The response is individual and some athletes may improve their stores by 50%. Some research has suggested that athletes whose levels are initially lowest might respond best to supplementation.
Obviously only those who can achieve a substantial increase in muscle creatine levels will show improved function.
If supplementation is ceased, muscle creatine stores gradually return to resting levels – some studies have shown that it takes 4-6 weeks for this to occur.
A ‘maintenance’ supplemental dose of 2-5 g creatine per day keeps the loaded muscle at elevated levels.
Many athletes cycle their creatine supplementation – loading up, maintaining for a certain training period, and then stopping the supplements for a couple of weeks before reloading.

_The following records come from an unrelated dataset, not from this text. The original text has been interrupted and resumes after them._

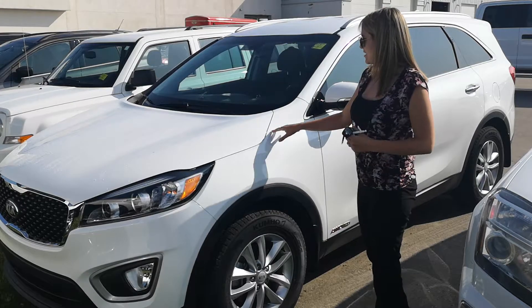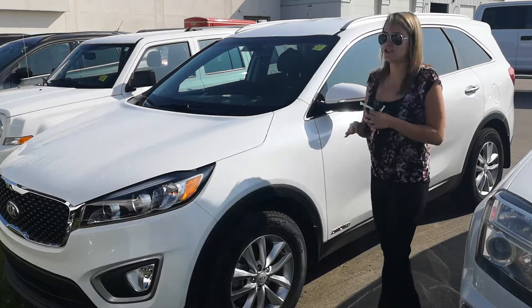You guys got to come in and check it out. It's actually awesome. The interior is just so clean.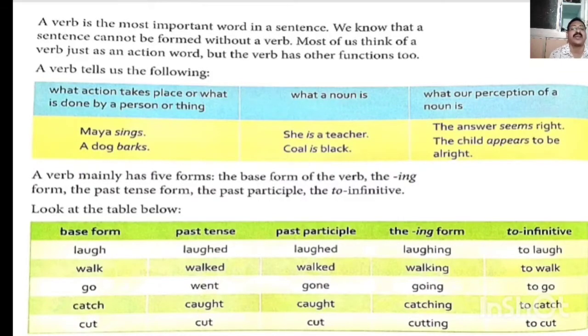Cut, cut, cut — and cutting, to cut. Cut is simple present tense; past tense also cut; past participle also cut; but when you are using the -ing form, that time: cutting; and infinitive form: to cut.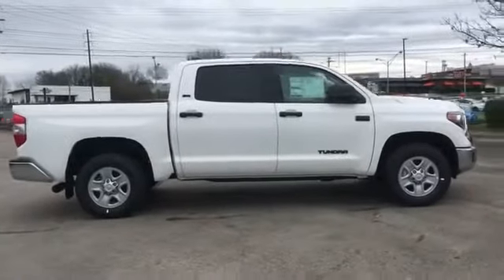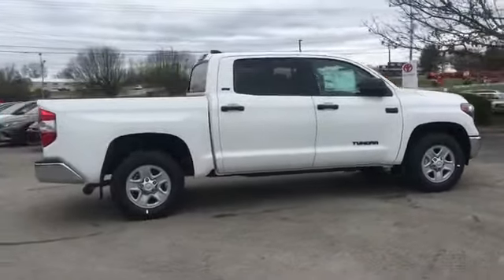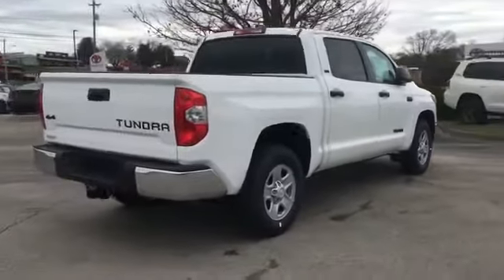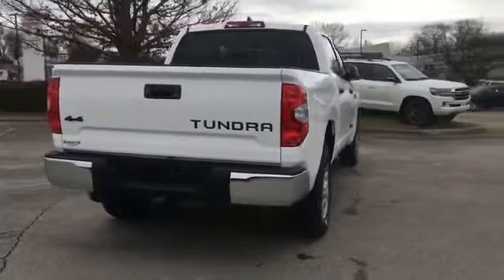Satellite Radio, Four-Wheel Drive, Heated Side View Mirrors, Backup Camera, Tinted Windows, Pass-Through Rear Seat, Bluetooth,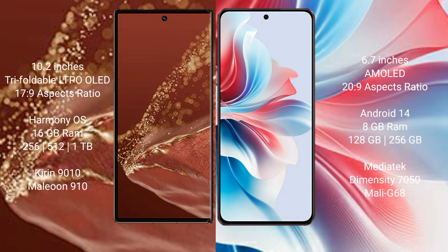Huawei Mate XT Ultimate comes with 16GB RAM and 256GB, 512GB, or 1TB internal storage, with a Kirin 9010 processor and 8GP 910 GPU. Oppo F25 Pro comes with 8GB RAM and 128GB to 256GB internal storage, with a MediaTek Dimensity 7050 processor and Mali-G68 GPU.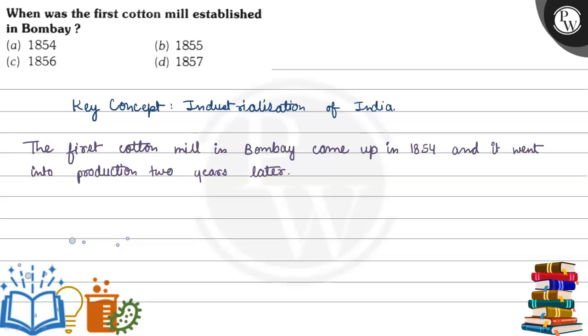Let's read this question. The question is: when was the first cotton mill established in Bombay? Let's see the options given to us.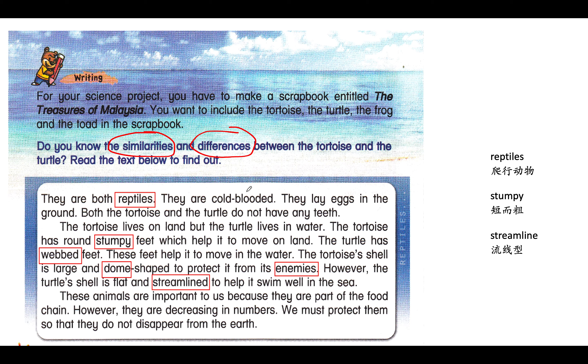Okay, so for the first paragraph, this will be the similarities of the two animals — the tortoise and the turtle. And paragraph number two covers the differences. The differences between tortoise and turtle: we know the tortoise lives on land and the turtle lives in water. The tortoise has round, stumpy feet which help them move on land, and the turtle has webbed feet, which help it to move in the water.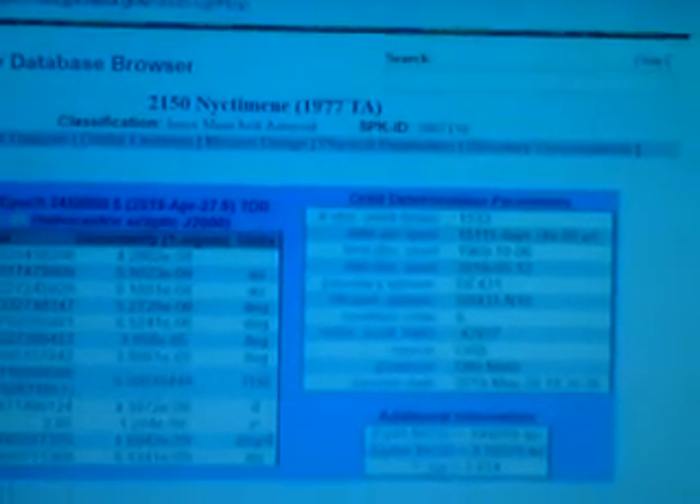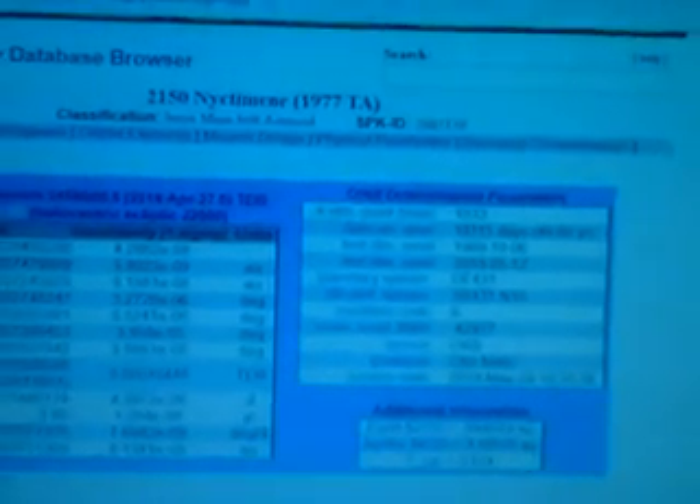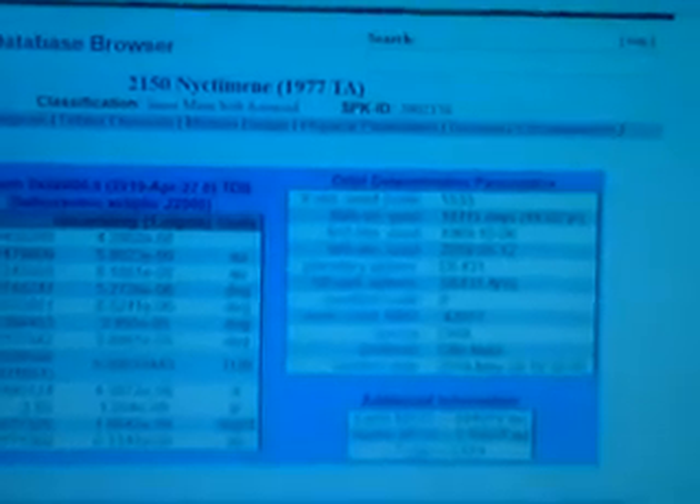The bright star just under here is 52 Cygni. We can see which asteroid I was trying to image — it has a very strange name: 2550, designation 1977 TA.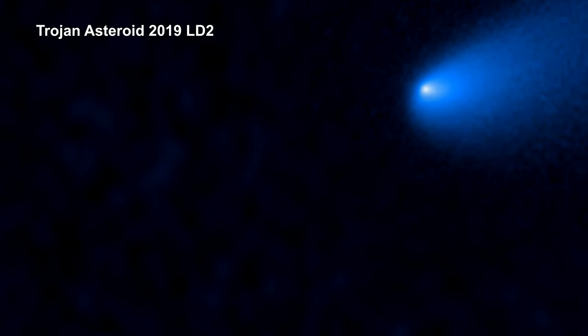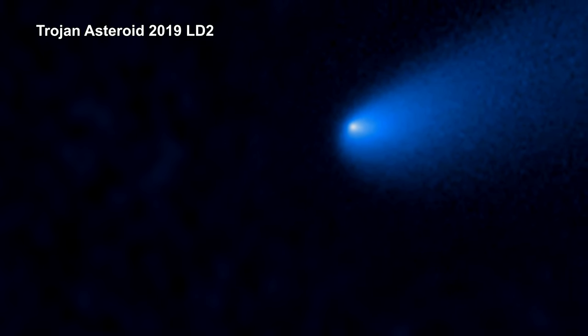Visible light snapshots by Hubble reveal that the object shows signs of comet activity, such as a tail, outgassing in the form of jets, and a coma of dust and gas. Its tail is roughly 644,000 kilometers long — that's 400,000 miles.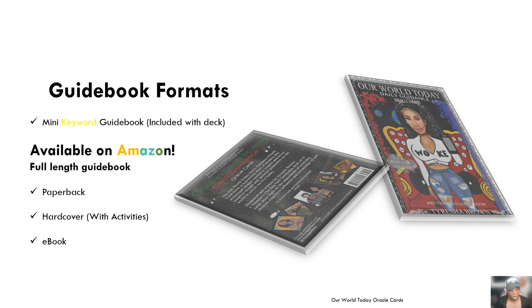You can get the full-length guidebook in paperback, hardcover, or ebook format. The special thing about the hardcover is that it comes with some pretty cool activities designed to help you as a reader not only with your readings but with personal development as well.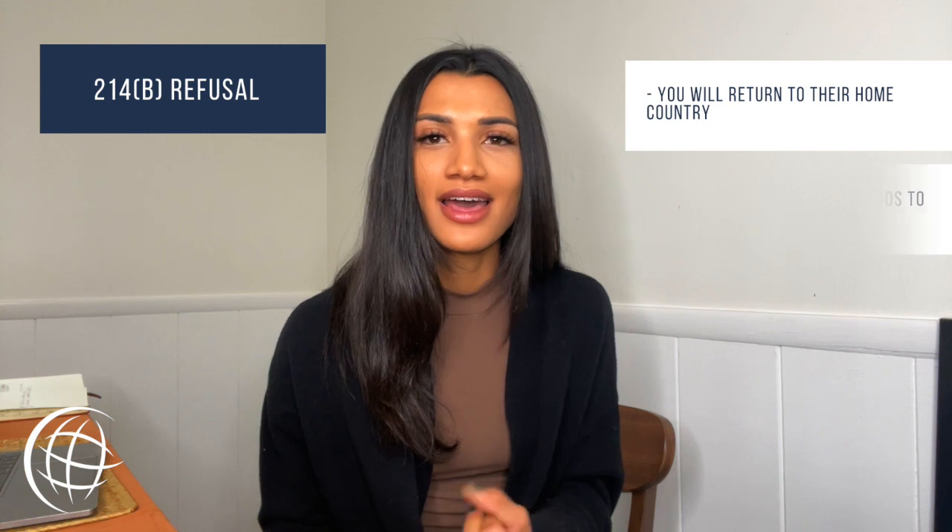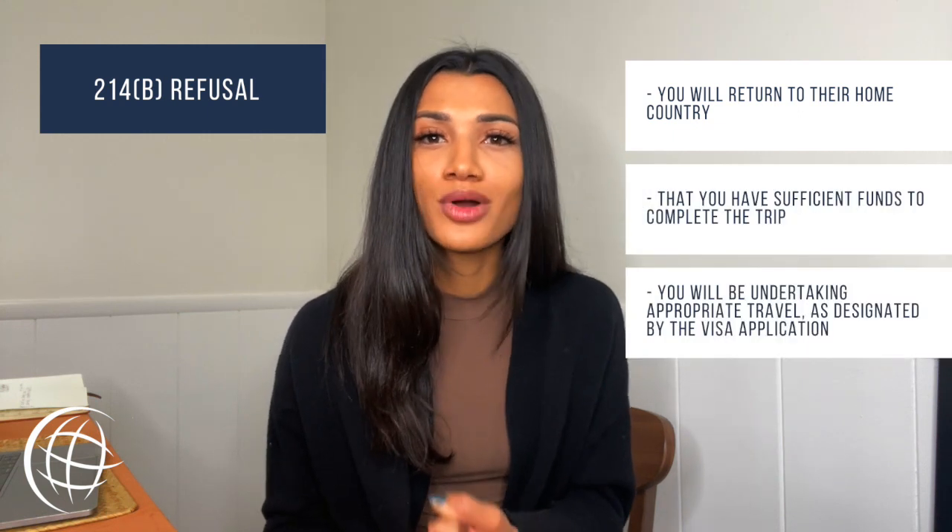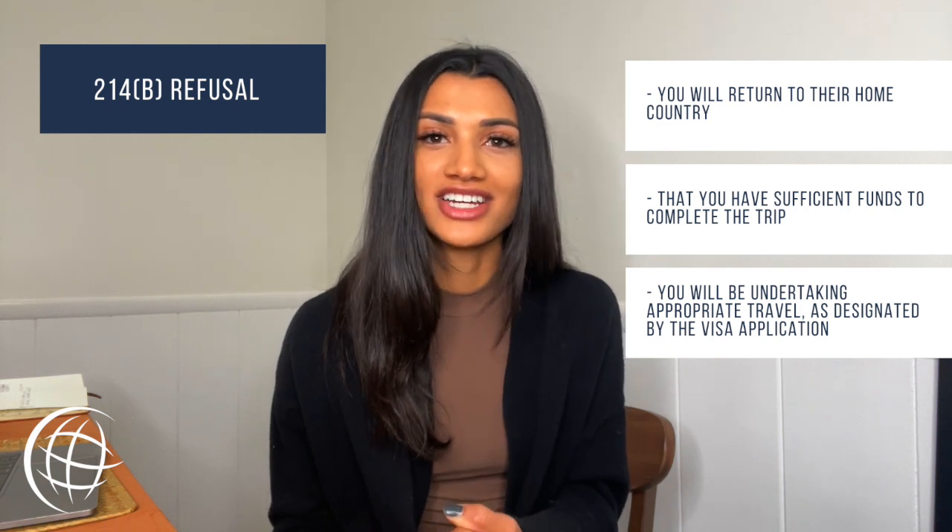Next is the 214B refusal. This type of visa refusal letter is the result of not convincing the immigration officer that you will be returning to your home country, that you have sufficient funds to complete the trip, and/or that you will be undertaking appropriate travel as designated by the visa application. This type of refusal is not permanent and can be mitigated if the applicant provides more evidence demonstrating ties to another country outside of the U.S. Your immigration interview is an important aspect and can help you demonstrate that you plan on leaving the U.S. after your visit. However, there are some cases in which an individual will not qualify until they experience a change of circumstances in their home country.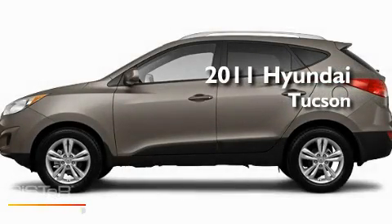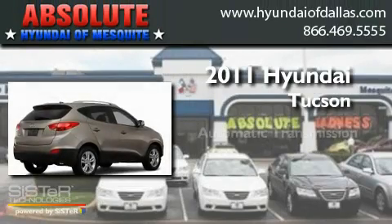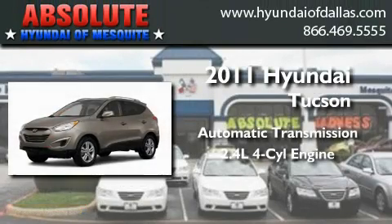This is a brand new 2011 Hyundai Tucson. This crossover has an automatic transmission and an inline four-cylinder engine.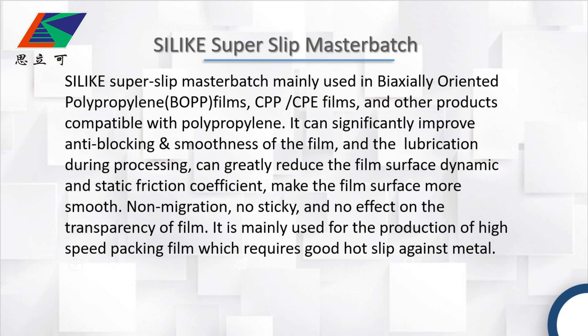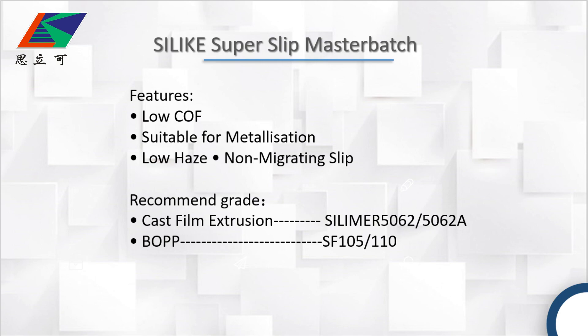No migration, no sticking, and no generation of fumes. It's mainly used for the production of high-speed packing film, which requires good hot tack against metal. Our super slick master batch has features of low volatile content and is suitable for mechanization and non-migration slip.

This may suit the athlete’s training cycle or periodisation.
Whether such cyclical use is better than prolonged continual use has not been studied.
So which form of creatine is really the BEST?
At this point in time, it’s rather hard to argue against creatine monohydrate powders as being the best.
Most efficacious form of creatine supplements available.
Some of the salt forms of creatine may present decent alternatives with other performance-enhancing benefits.
And glycosylated creatine does appear to have some potential as well, but at the end of the day you really can’t go wrong with plain ol’ creatine monohydrate.
It’s proven, time-tested, and comes in pure, safe and quality-assured forms like that of Creapure.